As your WalkMe deployment grows, don't make the mistake of overdoing team division of labor. Here's what I mean:
I was reading Adam Smith's Wealth of Nations the other day..
(By the way, how's that for a start to a post?)
And it reminded me that some folks over-apply division of labor from physical work to knowledge work.
If you're not familiar with the classic example Adam Smith cites, here it is briefly:
One person alone can hardly make a single pin per day.
But we MASSIVELY increase output when we break the job down into steps and assign a different person to each:
Pulling the wire
Straightening
Cutting to length
Sharpening the end
Making the pin head
Attaching the head
etc
This underlies assembly lines and pretty much the whole modern economy.

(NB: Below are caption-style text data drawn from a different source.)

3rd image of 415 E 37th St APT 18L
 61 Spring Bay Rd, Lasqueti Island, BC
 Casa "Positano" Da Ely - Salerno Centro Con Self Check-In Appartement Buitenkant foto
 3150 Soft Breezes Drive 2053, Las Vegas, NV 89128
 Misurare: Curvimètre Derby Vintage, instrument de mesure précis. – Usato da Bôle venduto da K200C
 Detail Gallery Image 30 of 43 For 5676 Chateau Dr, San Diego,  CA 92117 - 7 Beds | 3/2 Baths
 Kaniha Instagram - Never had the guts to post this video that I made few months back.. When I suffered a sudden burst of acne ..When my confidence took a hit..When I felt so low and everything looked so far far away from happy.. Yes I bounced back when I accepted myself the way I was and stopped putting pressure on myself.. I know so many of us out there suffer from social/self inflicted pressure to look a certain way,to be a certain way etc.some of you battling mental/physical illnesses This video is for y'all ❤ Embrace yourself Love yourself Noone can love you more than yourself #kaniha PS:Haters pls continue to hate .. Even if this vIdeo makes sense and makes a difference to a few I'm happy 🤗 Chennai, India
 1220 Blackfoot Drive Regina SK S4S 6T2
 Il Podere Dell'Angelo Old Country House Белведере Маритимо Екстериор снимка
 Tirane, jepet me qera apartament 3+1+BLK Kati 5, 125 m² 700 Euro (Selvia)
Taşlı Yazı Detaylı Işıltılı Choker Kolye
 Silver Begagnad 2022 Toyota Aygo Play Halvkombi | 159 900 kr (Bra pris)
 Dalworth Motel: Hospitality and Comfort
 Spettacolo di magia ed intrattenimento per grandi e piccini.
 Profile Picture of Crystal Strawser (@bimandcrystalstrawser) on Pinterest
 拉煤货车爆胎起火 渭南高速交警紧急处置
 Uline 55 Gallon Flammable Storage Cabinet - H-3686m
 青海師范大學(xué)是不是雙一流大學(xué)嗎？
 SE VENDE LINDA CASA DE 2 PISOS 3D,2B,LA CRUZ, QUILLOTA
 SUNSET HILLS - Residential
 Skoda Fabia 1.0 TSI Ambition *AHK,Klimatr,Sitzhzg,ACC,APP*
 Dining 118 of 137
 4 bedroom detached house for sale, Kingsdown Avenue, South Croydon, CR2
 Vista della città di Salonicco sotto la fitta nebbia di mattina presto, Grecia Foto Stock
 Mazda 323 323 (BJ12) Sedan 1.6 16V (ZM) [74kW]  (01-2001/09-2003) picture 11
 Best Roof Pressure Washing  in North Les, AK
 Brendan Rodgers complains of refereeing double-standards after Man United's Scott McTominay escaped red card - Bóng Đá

Cool, let's do the same thing with building WalkMe solutions, right?
PLEASE NO!
Here's the faulty logic:
1. Someone in IT controls admin
2. Someone (the boss?) will run the "internal sales" to spread the word to other groups
3. Someone else will do the "solutioning" to figure out what needs to be done. Then of course we write "user stories" so we can hand the work off to....
4. A "builder" who actually clicks the buttons to create the Walk-thrus. At which point we can then have..
5. Someone else on the team QA (of course). And then we have..
6. A "Business Analyst" look at console.walkme.com for the analytics. And in the event this is starting to slow down or run off-track? That's when we'll need to bring in:
7. A "Project Manager" / "Scrum Master" who will keep it all on track.
Ugh. I have never seen this go well.
Here's why.
With a physical assembly line, each step concretely adds value to the physical product and the physical product is getting progressively more complete with each step.
With knowledge work like WalkMe, what we're putting together is MENTAL CONTEXT.
On what URLs is WalkMe configured for this app? How's the UUID Setup? What is this department's process? What app are they using? What are the challenges on the app? Which ones are most pressing? Are those challenges the same for all user segments or only some? How does that app work? What are different ways of solving it? What are the screen-level intricacies of solving it? How and when does this app get updated? ETC.
All of these questions need to come together into a single mental integration of: What should we DO?
The more cooks you have in the kitchen on a single project, the more you're just playing the telephone game.
Yes, WalkMe's Digital Adoption Institute defines a bunch of different "roles" involved with WalkMe. And WalkMe allows that one person can have multiple "roles".
But to be clear: you need to have a single person run a whole DAP project end-to-end.
If you have 3-4 people in your department, that's great, they should each own and run their own work end-to-end.